Hammer throw world champ Camryn Rogers of Richmond, B.C., sets sights on Prefontaine Classic title

When Camryn Rogers arrived this week in Eugene, Ore., it’s hard to imagine the reigning world champion hammer thrower from Richmond, B.C. didn’t take a few minutes to recall a bevy of memorable career moments at iconic Hayward Field.

Nearly two years ago, she waged a battle with American rival Brooke Andersen, who took an early lead with a throw of 74.81 metres at the World Athletics Championships.

On her third of six attempts, Rogers delivered her best throw of 75.52 on a sunny and windy Sunday afternoon to hold off Janee’ Kassanavoid for silver behind Andersen, becoming the first Canadian woman to medal at the competition.

“I feel so completely overwhelmed right now with emotion,” Rogers told CBC Sports after her performance on July 17, 2022. “I am so motivated and so excited to be coming home with this medal. It shows every throw, every lift [of weights], this is what it leads to.”

On Saturday at 2:35 p.m. ET, the aforementioned trio and others will try to earn the title of Prefontaine Classic champion in an event that isn’t a regular fixture on the pro track and field circuit, meaning they won’t earn Diamond League points for competing.

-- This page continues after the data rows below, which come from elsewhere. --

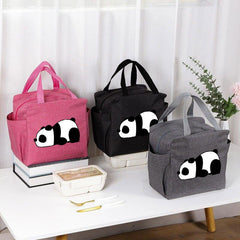Cartoon Panda Lunch Bag Insulated Cooler Tote for Office School Picnic Camping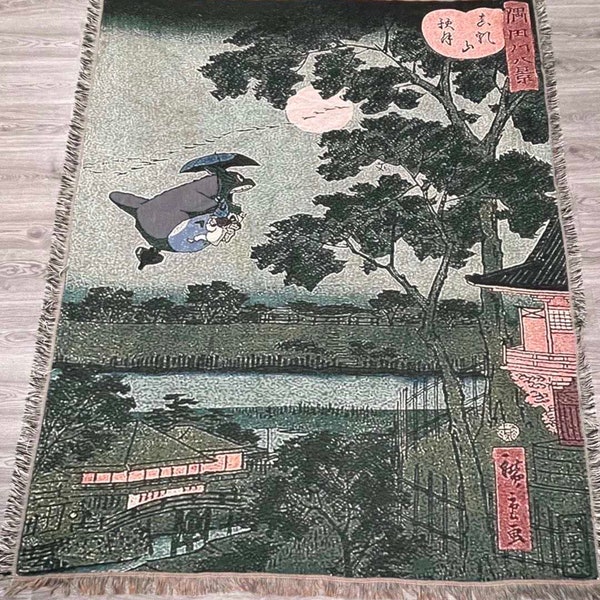 Studio ghibli Totoro anime handmade woven tapestry blanket - 100% cotton anime throw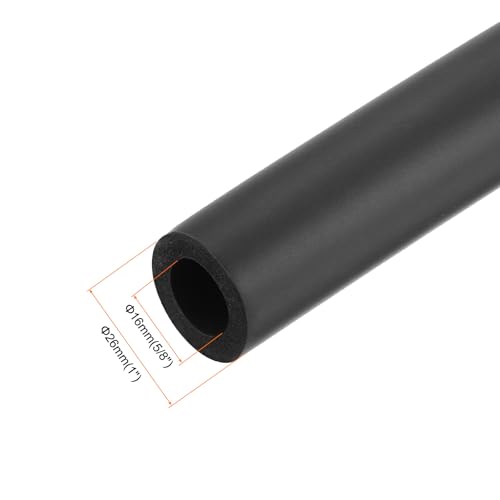Image of uxcell Foam Tubing for Handle Grip Support, 16mm(5 /8 inch) ID 26mm(1 inch) OD 1m Length Black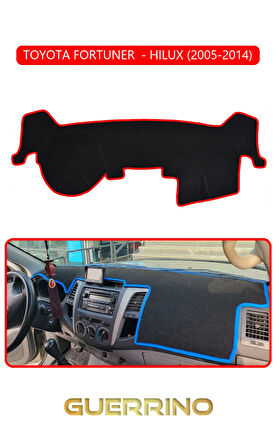 TOYOTA FORTUNER  - HILUX 2005-2014TORPİDO KORUMA HALISI KIRMIZI KENAR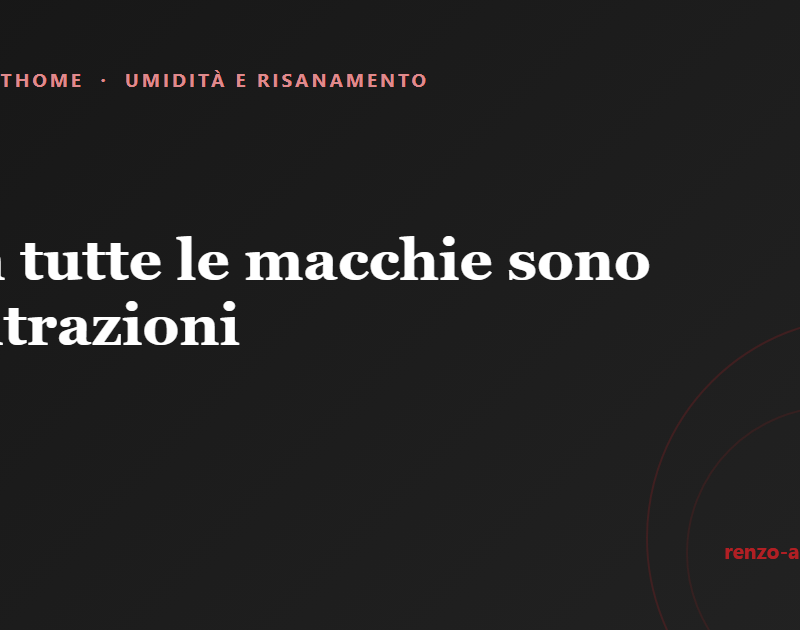 Copertina dell'articolo: Non tutte le macchie sono infiltrazioni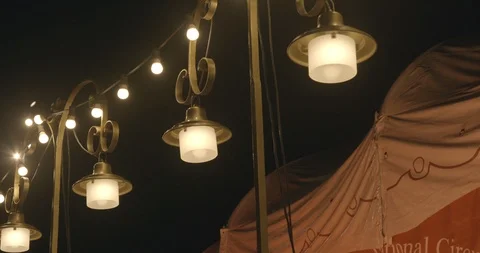 Circus outdoor lights slow motion in the night, 4K DCI PRORES HQ Stock Footage 94980309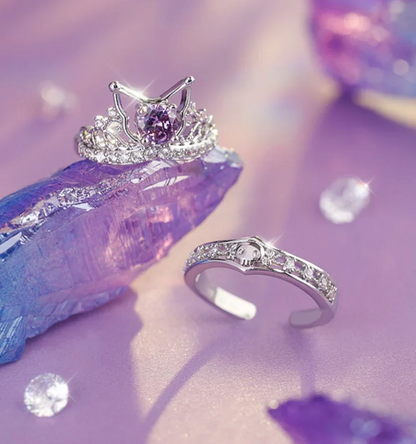 Purple Kuromi character ring, cute adjustable Sanrio-inspired jewelry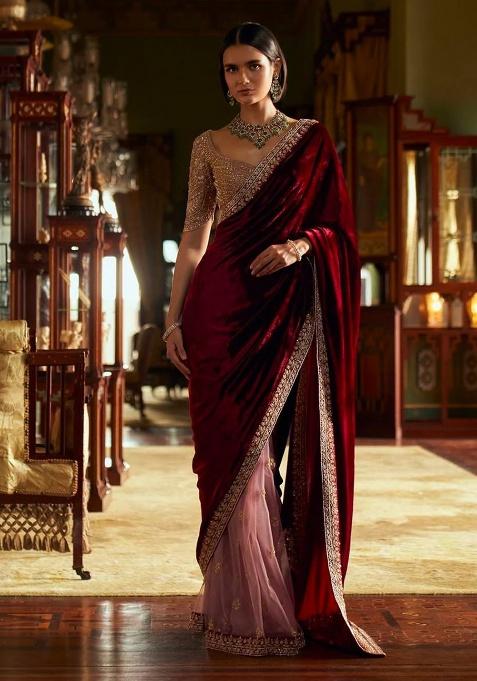 Maroon Motif Velvet Saree Set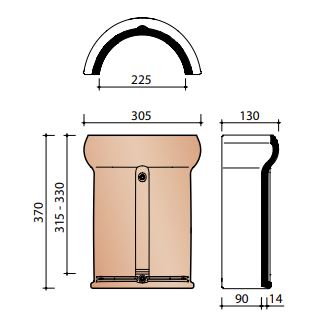 Alegra 10 te vorst/noordboom vario halfrond 225mm zwart verglaasd 738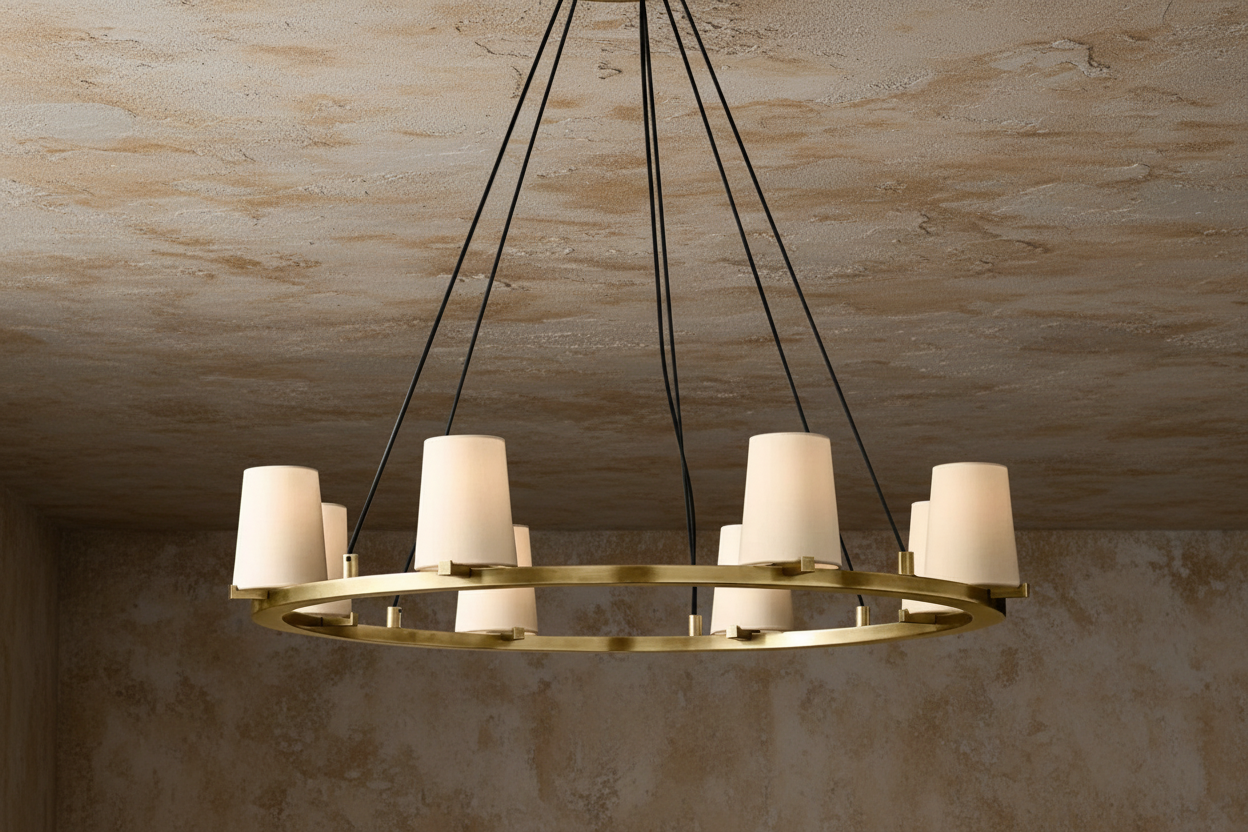 Modern Ring Chandelier – Copper Fabric Shade Dining Room Light Casalolalights Luxury Lamps for Interior Designers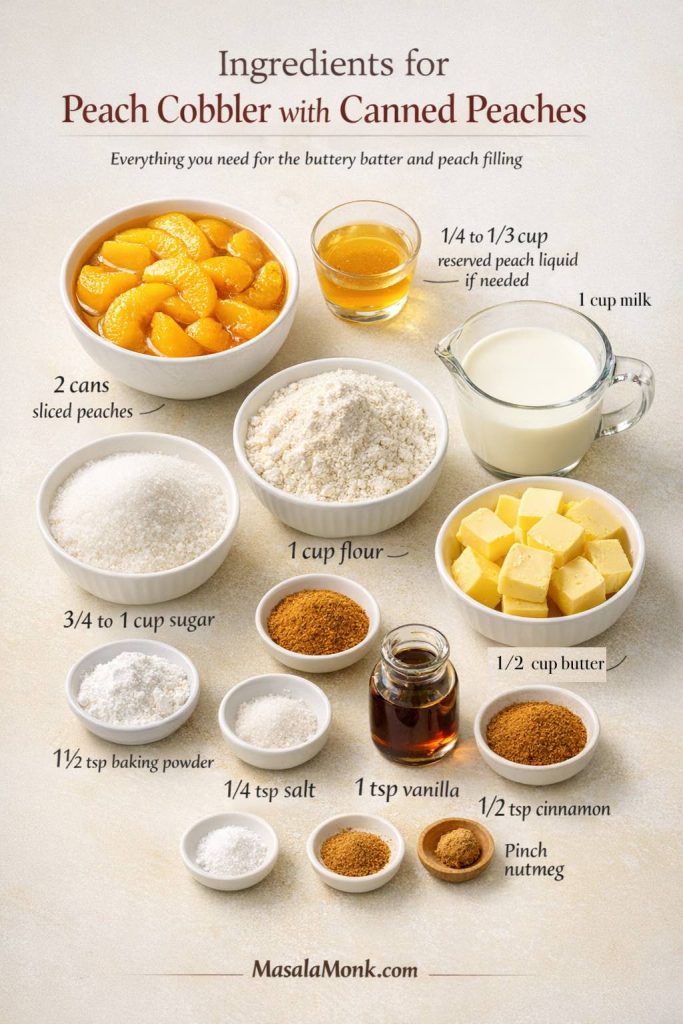 Photoreal ingredient card for peach cobbler with canned peaches showing sliced peaches, reserved peach liquid, flour, sugar, milk, butter, baking powder, salt, vanilla, cinnamon, and nutmeg with measured labels and MasalaMonk.com footer branding.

Live streaming coverage begins at 4 p.m. at CBCSports.ca, CBC Sports App and CBC Gem.

WATCH | Rogers wins historic silver medal at 2022 world championships:

Camryn Rogers earns silver in hammer throw final at World Athletics Championships

2 years ago

Duration 1:59

The Richmond, B.C. native scored 75.52 on her 3rd attempt for Canada’s 1st medal at the 2022 World Athletics Championships in Eugene, Ore.

Earlier in the 2022 campaign, Rogers claimed two victories at Hayward — at the Pac-12 Conference Championships and NCAA Division 1 outdoor championships while competing for the University of California, Berkeley. Three weeks after worlds, she won Commonwealth Games gold in Birmingham, England.

The 24-year-old debuted at Hayward Field on April 8, 2015, two months before her 16th birthday, and was victorious with a throw of 53.82 at the Oregon Relays. She won again two years later. The stadium is named after Bill Hayward, a world lacrosse champion with the Ottawa Capitals who grew up in Toronto and was the first track and field coach for the University of Oregon Ducks in 1904.

Saturday marks Rogers’s third competition of the season. She placed third a week ago at the USATF Los Angeles Grand Prix, site of her Canadian record and 2023 season best of 78.62.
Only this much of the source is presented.